Marcel
Proust
Lettres à Reynaldo Hahn
Cher " Maître ",
Je
pense que vous ne seriez pas assez bête pour venir ici pour autre chose que
Madame Straus et la mer, et si vous deviez venir pour moi, que vous pourrez
voir à Paris, j'aimerais mille fois mieux que vous ne veniez pas. Mais j'ai
tort de vous répondre sérieusement là-dessus et d'y voir autre chose qu'une
de ces amabilités dont, comme le petit poney hélas, vous êtes prodigue. - Mais
en revanche si vous veniez, je comprends très bien que cela vous amuse plus
d'avoir quelqu'un de connaissance et je serais si heureux d'être ce quelqu'un
que je m'offre à rester jusqu'à mardi ou mercredi de l'autre semaine si cela
peut faciliter votre venue. Je vous suis bien reconnaissant de m'avoir tout
de suite répondu. Comme Maman est partie hier je m'ennuyais ce matin tout seul
parce que après une nuit blanche je ne voulais ni travailler ni aller me promener
comme je l'avais promis à Madame Trousseau et votre lettre arrivée il y a une
demi-heure m'a été une distraction triste il est vrai mais bien chère. - Triste
parce qu'avant elle j'avais encore quelque espoir
" Mais Phylis le triste avantage
Lorsque rien ne marche après lui " 2
Ne
lisez pas le volume de Platon qui ne peut pas vous intéresser mais le seul Banquet.

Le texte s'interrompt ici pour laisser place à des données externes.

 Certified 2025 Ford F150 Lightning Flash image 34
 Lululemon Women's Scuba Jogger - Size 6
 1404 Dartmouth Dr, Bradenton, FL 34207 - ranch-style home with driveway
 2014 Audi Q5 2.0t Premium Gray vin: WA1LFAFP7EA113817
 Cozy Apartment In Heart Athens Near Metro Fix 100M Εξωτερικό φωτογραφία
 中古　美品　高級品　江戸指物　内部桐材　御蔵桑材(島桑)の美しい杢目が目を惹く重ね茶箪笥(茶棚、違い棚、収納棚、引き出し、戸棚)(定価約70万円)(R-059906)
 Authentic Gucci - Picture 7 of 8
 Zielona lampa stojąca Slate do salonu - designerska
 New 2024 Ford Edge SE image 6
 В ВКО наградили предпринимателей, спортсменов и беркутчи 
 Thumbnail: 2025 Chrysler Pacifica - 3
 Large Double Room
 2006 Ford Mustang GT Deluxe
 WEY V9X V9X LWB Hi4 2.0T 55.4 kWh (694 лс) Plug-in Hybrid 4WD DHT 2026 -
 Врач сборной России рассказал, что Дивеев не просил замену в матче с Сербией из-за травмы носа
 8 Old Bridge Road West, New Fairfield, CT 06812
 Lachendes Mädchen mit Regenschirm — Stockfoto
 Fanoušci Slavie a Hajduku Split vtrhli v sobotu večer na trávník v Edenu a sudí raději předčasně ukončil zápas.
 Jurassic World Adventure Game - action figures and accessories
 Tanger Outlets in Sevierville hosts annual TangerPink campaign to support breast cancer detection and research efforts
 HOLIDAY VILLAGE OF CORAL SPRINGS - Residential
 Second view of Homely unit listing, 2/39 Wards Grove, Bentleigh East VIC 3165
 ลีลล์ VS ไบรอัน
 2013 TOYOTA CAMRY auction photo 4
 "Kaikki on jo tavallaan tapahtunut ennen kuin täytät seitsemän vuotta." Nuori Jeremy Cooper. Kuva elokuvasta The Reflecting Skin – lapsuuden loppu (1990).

Je ne dis pas que vous le lirez avec fruit, mais au moins dans toute sa fleur.
L'épanouissement
des autres est interne et malgré que je ne me rappelle pas lesquels sont avec
le Banquet dans ce volume-là, un peu sévères pour vous 3. Je n'ai plus personne à qui parler de vous depuis que Maman est partie. - A M. Duez un peu hier, mais
je le verrai si rarement. Impossible de suivre votre conseil de lettre à Delafosse.
J'abats chaque jour une grande besogne de correspondance. Mais figurez-vous
que je n'ai pas encore répondu à Madame de Brantes, à Ferdinand de Montesquiou,
à Segonzac, à Robert de Flers (qui m'a pourtant récrit) etc. Avec la vôtre est
venue une lettre de Mademoiselle Suzette où il est affectueusement parlé de
vous 4.
"
Main " n'est pas très harmonieux et je ne me rappelle plus bien à quoi cela correspond.
Mais je suis sûr que c'est à quelque bonne chose dont je vous envoie le fraternel
échange.
M.
P.
Un
mot de Madame Stern est joint au vôtre. Je ne crois pas assez respectueux de
lui répondre dans votre lettre et vais lui écrire. Vous ai-je prié de remercier
M. Levadé d'être si aimablement sorti du style indirect 5. Si je ne lui récris
pas par votre intermédiaire, c'est que cela n'aurait plus de fin comme les
révérences d'Agnès
"
de peur qu'il me trouvât moins civile que lui " (l'École des femmes) 6
Mais
je serai bien heureux de faire sa connaissance. Présentez mes respects à celle
de Mesdemoiselles vos soeurs qui est avec vous si je lui ai été présenté et
à Madame Stern.
Si
vous pouvez encore m'écrire un mot ou si cela vous ennuie un télégramme quand
vous recevrez cette lettre cela animera encore ma solitude. Après cela ne m'écrivez
plus. C'est seulement pour mon deuxième jour de solitude.
Cher
ami. Je rouvre ma lettre pour l'annuler, je suis presque sûr que l'hôtel ferme
le 2 octobre.
2. Molière, Le Misanthrope, acte 1er, scène II, le sonnet d'Oronte.
3. Les Dialogues
dogmatiques de Platon, tome 1er, comprennent le Phédon, le Gorgias et le Banquet.
4.
Suzette répondait sans doute à la lettre 188 ci-dessus.
5.
Il s'agit du jeune compositeur Charles Levadé, qui avait eu un prix de Rome
en 1893. Proust l'évoquera brièvement dans Mondanité et Mélomanie de Bouvard
et Pécuchet (Les Plaisirs et les jours, édition Gallimard, 1924, p. 110).